Reading the agent traces is how you make the call your eval can't
Remember being excited (or dreading, depending on the stage of your career and the company you worked at) about writing unit tests? Or sweating all the details in your end-to-end and integration tests you were sure covered all the use cases your users would hit?
These days a lot of UIs are slowly being replaced by a single input field and an agent that promises to deliver the same value a UI would, but with the elegance and pun-ness of a “Jarvis”.
We craft their SOUL.md and their MEMORY.md and the system prompt. We pretend we know what we’re doing setting up evals with prompts we know are not how our users will interact with the agent, but we set the threshold and the confidence score comes back satisfactory and we approve and deploy. Job’s done, right?
Not quite.
Sentry is attending AI Engineer World’s Fair this week and I decided to build a little schedule builder with an agent to help people put together their itineraries. (Shout out to Swyx for providing the data and even the embeddings for all the speakers, talks and tracks.)

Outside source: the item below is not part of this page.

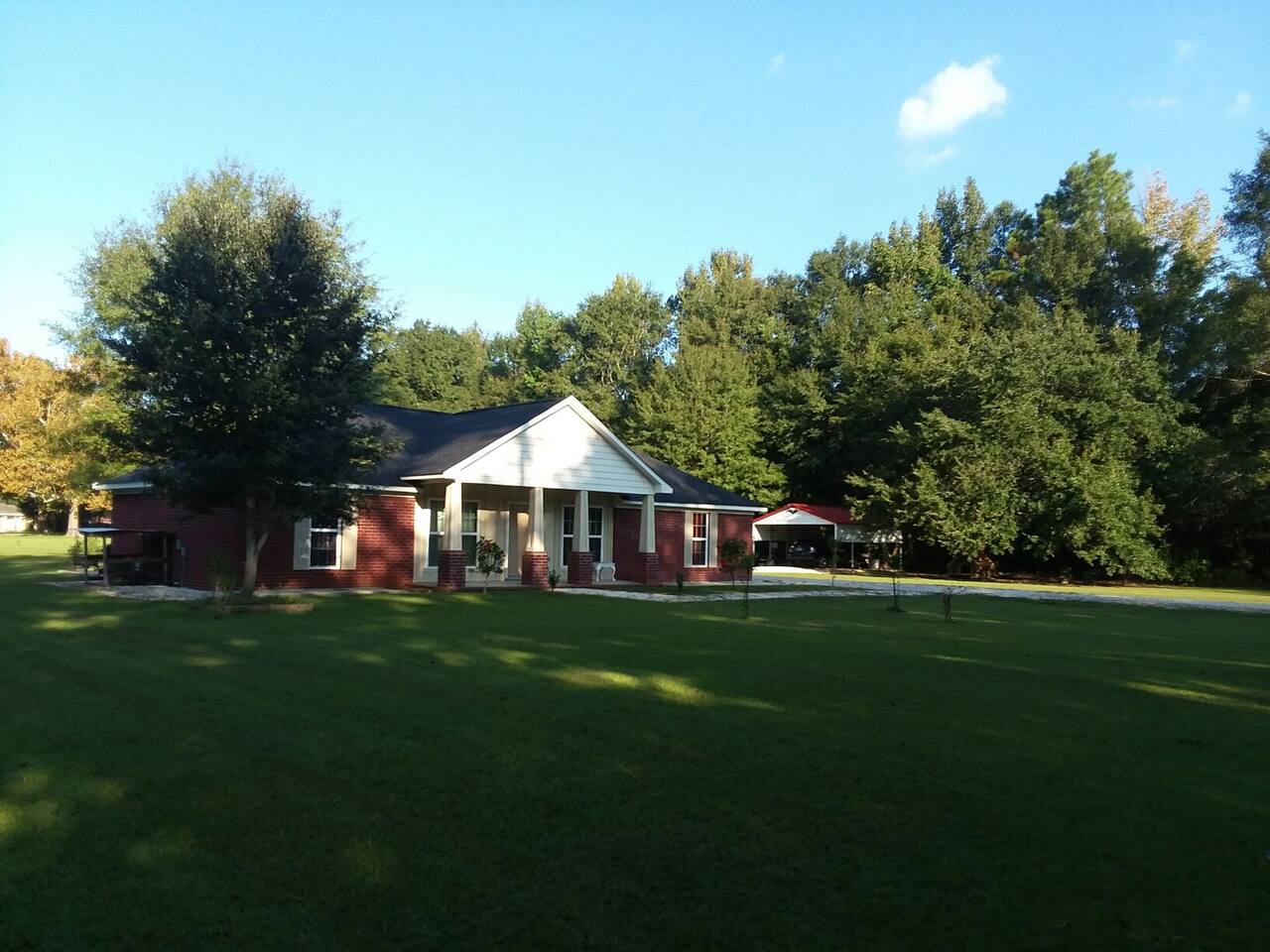 Front Yard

I wanted to make sure that this is somewhat scalable, and thanks to the AI SDK and Vercel’s AI Gateway, it was pretty easy to configure the agent to use some open weight, incredibly cheap models for anonymous visitors, and more beefy, SOTA-ish models for people that signed up.
Surely, with tool calling, and a great system prompt, there is no way even the small-but-mighty model would hallucinate, right? Right???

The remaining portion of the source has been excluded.